La galaxie d’Andromède se dirige vers la Terre. La quasi-totalité de l’humanité est convaincue que sa fin est proche et vit dans la torpeur et la résignation. C’est dans cette société qu’ont grandi Manon et Jo. Si Jo lutte pour ne pas se laisser gagner par le défaitisme, Manon a depuis longtemps choisi de résister et de croire qu’un autre monde est possible.
Un polar d’anticipation racontant le parcours d’émancipation de deux adolescentes refusant la catastrophe. Un univers fort. Un récit prenant.
Extrait :
(…)
MANON : J’ai traversé la ville, j’ai longé le fleuve et après le pont je suis montée sur l’esplanade déserte. A cet endroit le revêtement du sol est particulièrement éblouissant et il m’a fait mal aux yeux. Je ne sais pas si c’est le fait que la lumière solaire soit de plus en plus forte, lentement, progressivement, mais malheureusement pas imperceptiblement ou si l’éclat de ce parvis a toujours existé mais est seulement révélé par l’absence de file d’attente pour entrer. Les musées sont en accès libre depuis quatre ans. Libre et gratuit. Il n’y a plus aucun intérêt à faire payer pour voir des Cézanne ou des Manet. Que ceux qui veulent les voir les voient, a déclaré la ministre de la Culture. Et je suis entrée dans le musée.

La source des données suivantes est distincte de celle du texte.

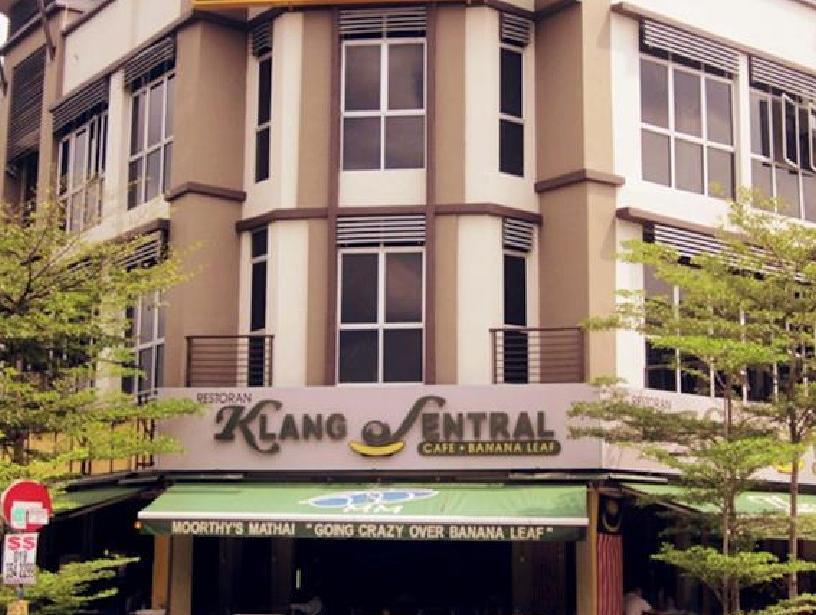 Grand Kapar Hotel Klang Sentral Buitenkant foto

Il n’y avait personne.
JO : Que ceux qui n’y vont pas tous les jours soient maudits, a déclaré Manon.
MANON : Viens avec moi des fois.
JO : Manon…
T’as mis tes lunettes un peu pendant ta balade au moins ?
MANON : Ok je m’en vais.
JO : Promets que tu vas les mettre !
MANON : T’as des trucs pour moi ?
JO : Dans le sac.
Manon prend le sac.
MANON : Bye je vais écouter le flash dehors.
Je sors. Je mets pas mes lunettes. Jo dit que je me bousille les yeux. Elle ne quitte plus ses lunettes dès qu’elle sort, peu importe l’heure et le lieu. Elle a toujours l’air d’une rockstar ou d’être en deuil.
Je sors de la belle maison de Jo, je vais au bout de l’avenue et je traverse le pont au-dessus de la ligne de train. Après c’est le bois qui commence. Dans une des allées, le refuge pour animaux et ma maison et plus loin le foyer de l’Enfance.
La première fois que j’ai dit ça à Jo elle était scandalisée.
JO : Ils ont mis les enfants abandonnés et les animaux abandonnés au même endroit ?
MANON : Bah oui, c’est dans le bois, c’est vert, au printemps c’est
JO : C’est affreux.
MANON : Je sais pas, je crois pas, les enfants aiment bien venir voir les animaux et moi je vais souvent les voir avec.
Je me retourne une fois vers chez Jo et je vois Adhil et Saffar, les deux planètes de la galaxie d’Andromède les plus proches de nous. Deux planètes presque l’une derrière l’autre, bleutées à cette heure-ci. Elles n’obscurcissent pas le ciel parce que la lumière solaire est tellement forte maintenant.
Il va être quinze heures, je regarde autour de moi pour voir où je vais écouter le flash.
JO : Tout le monde écoute ce foutu bulletin, il est diffusé dans les magasins, les cafés, et Manon adore rentrer dans n’importe quel bar miteux ou loge de gardiens d’immeubles juste pour écouter.
Manon c’est pas sérieux d’entrer n’importe où.
MANON : Et au pire quoi ?
-
J’entre dans le café pourri de l’autre côté du pont je me plante devant l’écran géant. Un type sur un tabouret de bar marmonne un truc en me regardant mais le barman lui dit de la fermer.
LA MERE DE JO, sur l’écran : Flash du jeudi 22 novembre.
MANON : Ça commence.
JO : J’entends pas la date. Le jour, le mois n’évoquent rien. Les jours et les semaines ne passent pas, je ne me souviens de rien de marquant, le temps est une sorte de brouillard immobile.